Natural small molecule smart hydrogels inhibited the Hsp90/NF-κB signaling axis in inflammation to achieve sustained antipyretic effect

Abstract

In general, pseudoephedrine (PE) is a safe and universally employed in cold medicine, which displays powerful effect on antipyretic. Nonetheless, the sustained drug delivery system can effectively put an end to the above problems attributable to the drawbacks of low bioavailability and short intervals of administration. "Complexation" hydrogels are capturing enormous attention in a diverse array of fields in that there is no necessity to carry out external intervention for drug delivery. Nevertheless, it is prevalently acknowledged that macromolecular "complexation" hydrogels, biotin/avidin, antibodies/antigens, heterodimers, conA/glucose and cyclodextrin (CD) inclusion complexes, have several limitations of conventional drug delivery systems, such as unfavorable biological safety, undesirable intestinal wall penetrating, and extremely limited biodegradability, etc.
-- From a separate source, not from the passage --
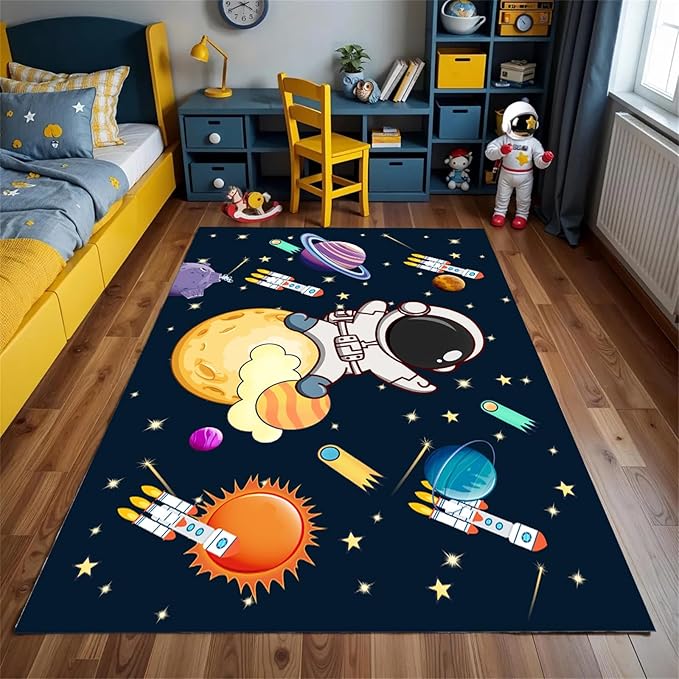 3x5ft Kids Space Themed Area Rug - with Spaceman, Rocket and Planet Design, Non-Slip Washable, Easy Care Rug, Suitable for Kids Playroom, Boys and Girls Room Decor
For this reason, it is tremendously imperative to develop a natural small "complexation" hydrogel. In this context, we innovated a direct self-assembly "complexation" hydrogel (PE-GA). The PE-GA hydrogel was prepared by the incorporation of PE and glycyrrhizic acid (GA) into an aqueous dispersion without the aid of other carriers, which demonstrated dual-responsiveness including heating-cooling as well as pH. It is mainly governed by hydrogen bonds and electrostatic interactions. For cell bioavailability, there were substantial discrepancies between the PE-GA hydrogel and free PE at 72 and 84 h. For pharmacokinetic properties, there was also conspicuous discrepancy in Area Under the Curve (AUC) values between them. In subsequent antipyretic assay, PE-GA hydrogel displayed a conspicuous antipyretic effect in fever rats induced by LPS. The non-invasive fluorescence imaging was utilized to monitor the intestinal retention of the PE-GA hydrogel in mice, its unique aggregation/assembly induced retention (AIR) effect reinforced bioactive molecule retention, which may be another manifestation of enhancing antipyretic effect. Aside from that, PE-GA hydrogel played an antipyretic role by Hsp90/NF-κB pathway. The current research revealed potential antipyretic effect of PE-GA hydrogel which could be the therapeutic option against fever.